Use the OCI Console to update a rule set for a Load Balancer resource.

  1. Open the navigation menu, click Networking, and then click Load Balancers.

  2. Select the Compartment from the list.

    All load balancers and network load balancers in that compartment are listed in tabular form.

  3. (optional) Select a State from the list to limit the load balancers displayed to that state.

  4. (optional) Uncheck Load Balancer under Type to only display load balancers.

  5. Select the load balancer for which you want to create a rule set.

    The Load Balancer Details dialog box appears.

  6. Click Rule Sets under Resources.

    The Rule Sets list appears. All rule sets are listed in tabular form.

  7. Click the rule set whose settings you want to edit.

    The Rule Set Details page appears.

  8. Click Edit.

    The Edit Path Route Set dialog box appears.

  9. Make your edits.

    See Creating Rule Sets for details on the rule set settings.

  10. Click Save Changes.

To edit a rule set using the CLI

Use the command line interface (CLI) to update a rule set for a Load Balancer resource.

Enter the following command:

oci lb rule-set update --rule-set-name rule_set_name --load-balancer-id load_balancer_id [OPTIONS]

See the CLI online help for a list of options:

oci lb rule-set update --help

See oci lb rule-set get for a complete description of the command.

To edit a rule set using the API

Use the API to update a rule set for a Load Balancer resource.

Run the UpdateRuleSet method to edit a rule set for a load balancer. See UpdateRuleSet for a complete description.

Deleting Rule Sets

Delete a rule set from a Load Balancer resource.

Run the DeleteRuleSet method to delete a rule set from a load balancer. See DeleteRuleSet for a complete description.

To delete a rule set using the Console

Use the OCI Console to delete a rule set from a Load Balancer resource.

  1. Open the navigation menu, click Networking, and then click Load Balancers.

  2. Select the Compartment from the list.

    All load balancers and network load balancers in that compartment are listed in tabular form.

  3. (optional) Select a State from the list to limit the load balancers displayed to that state.

  4. (optional) Uncheck Load Balancer under Type to only display load balancers.

  5. Select the load balancer whose rule set you want to delete.

    The Load Balancer Details dialog box appears.

  6. Click Rule Sets under Resources.

    The Rule Sets list appears. All rule sets are listed in tabular form.

  7. Click the rule set whose settings you want to edit.

    The Rule Set Details page appears.

  8. Click Delete.

    Alternatively, click the Actions icon (Actions icon) associated with the path route set you want to delete and click Delete.

  9. Confirm the deletion when prompted.

To delete a rule set using the CLI

Use the command line interface (CLI) to delete a rule set from a Load Balancer resource.

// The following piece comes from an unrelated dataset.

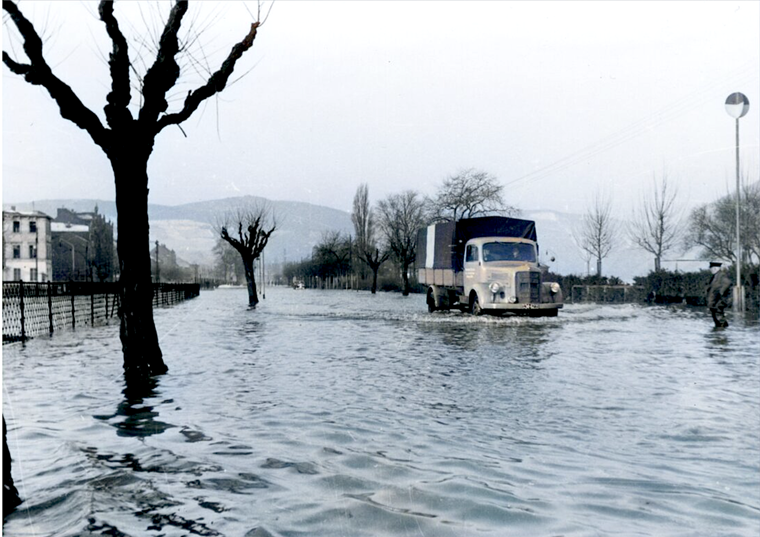 Hochwasser 1955 in den Rheinanlagen.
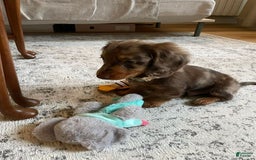 Miniature Dachshund dogs for sale: Ann - Image 3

Enter the following command:

oci lb rule-set delete --rule-set-name rule_set_name --load-balancer-id load_balancer_id [OPTIONS]

See the CLI online help for a list of options:

oci lb rule-set delete --help

See oci lb rule-set delete for a complete description of the command.

To delete a rule set using the API

Use the API to delete a rule set from a Load Balancer resource.

Run the DeleteRuleSets method to delete a rule set from a load balancer. See DeleteRuleSets for a complete description.